‘Walking With Dinosaurs’ transports viewers back in time
September 15, 2014
The $20 million arena spectacular welcomed guests of all ages to experience dinosaurs in their natural habitat. From friendly herbivorous like the Brachiosaurus to the highly anticipated carnivorous Tyrannosaurus rex, “Walking With Dinosaurs” presented a brilliant display of childhood interests while exploring the different eras that dinosaurs roamed the Earth.
This isn’t your average elementary school field trip, lazily walking around a museum filled with static dinosaur bones from millennia ago. Here, the dinosaurs are literally walking towards you as if they’ve been brought forward in time.
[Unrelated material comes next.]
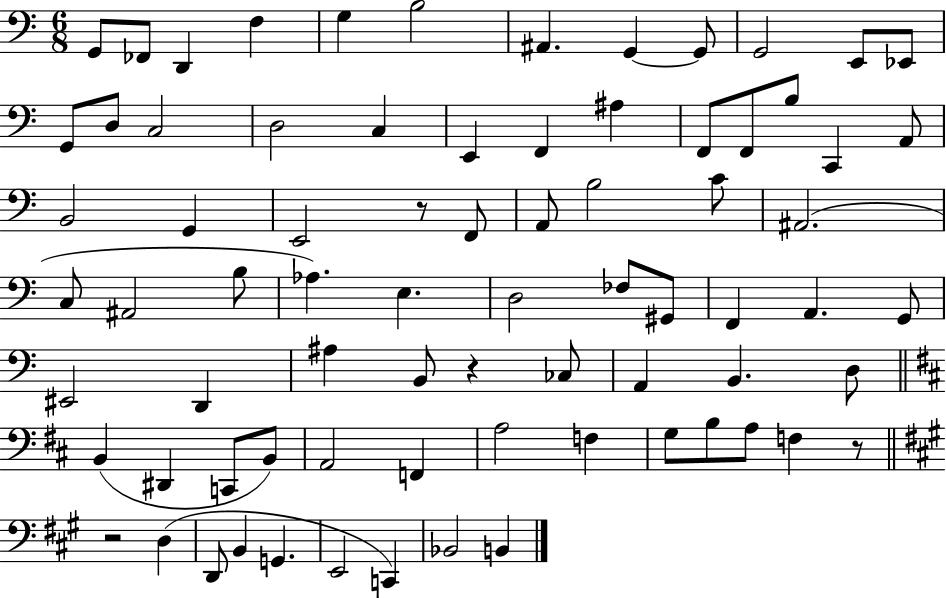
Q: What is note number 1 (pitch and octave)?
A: G2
They have realistic skin and scales and are full scale and life-size, making you feel as if you’ve become a paleontologist lost in time.
Despite their realism, these aren’t the fearsome beasts of 248 million years ago, but complex animatronics operated by at least three people, per dinosaur.
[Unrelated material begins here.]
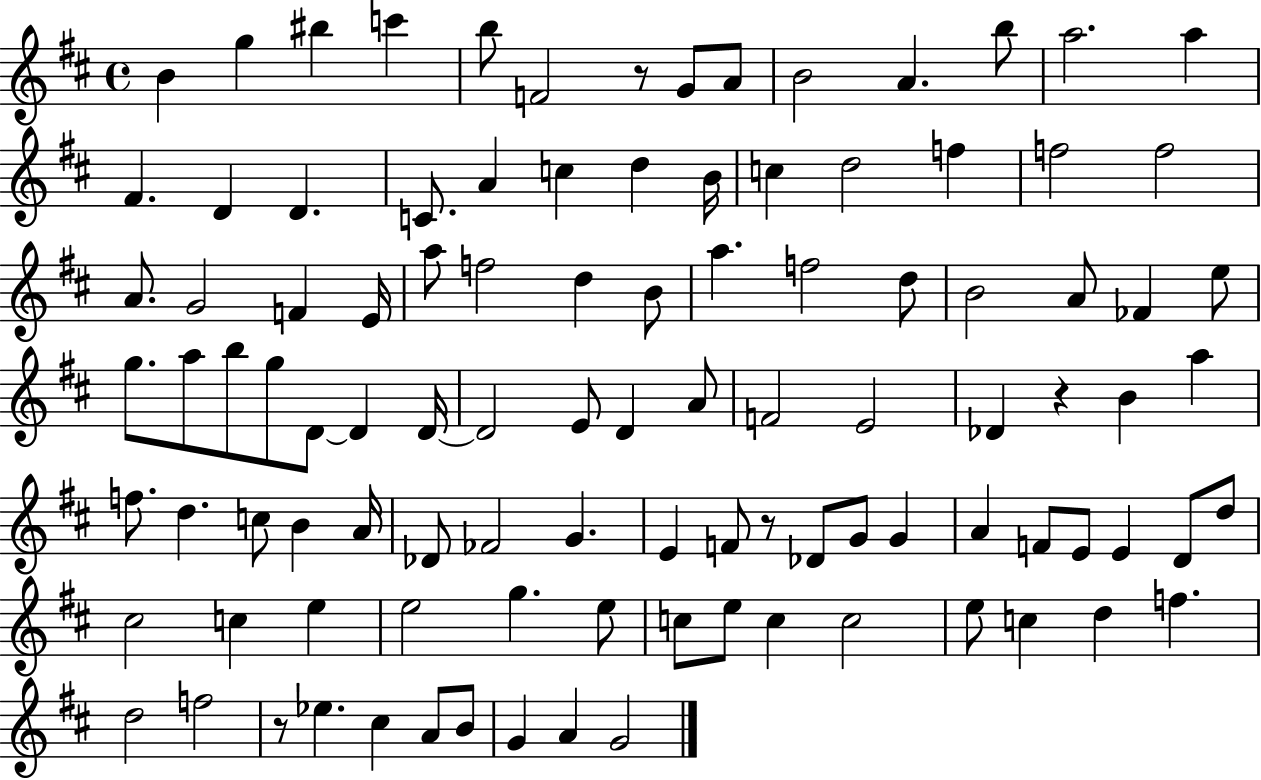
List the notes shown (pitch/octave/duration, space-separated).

B4/q G5/q BIS5/q C6/q B5/e F4/h R/e G4/e A4/e B4/h A4/q. B5/e A5/h. A5/q F#4/q. D4/q D4/q. C4/e. A4/q C5/q D5/q B4/s C5/q D5/h F5/q F5/h F5/h A4/e. G4/h F4/q E4/s A5/e F5/h D5/q B4/e A5/q. F5/h D5/e B4/h A4/e FES4/q E5/e G5/e. A5/e B5/e G5/e D4/e D4/q D4/s D4/h E4/e D4/q A4/e F4/h E4/h Db4/q R/q B4/q A5/q F5/e. D5/q. C5/e B4/q A4/s Db4/e FES4/h G4/q. E4/q F4/e R/e Db4/e G4/e G4/q A4/q F4/e E4/e E4/q D4/e D5/e C#5/h C5/q E5/q E5/h G5/q. E5/e C5/e E5/e C5/q C5/h E5/e C5/q D5/q F5/q. D5/h F5/h R/e Eb5/q. C#5/q A4/e B4/e G4/q A4/q G4/h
The arena, which is covered in dense fog, centers around three large boulders that slowly separate throughout the show, representing the years passing as the super-continent of Pangaea creates the land masses of today. The dramatic lighting easily represents a colorful garden of flowers in one instant and a land covered in scorching fire in another. The show’s score, composed by James Brett, adds a mystical quality to the already surreal performance.
Every little element of “Walking With Dinosaurs” was well constructed, designed to effortlessly transport you to a time when reptiles ruled the earth and it shows.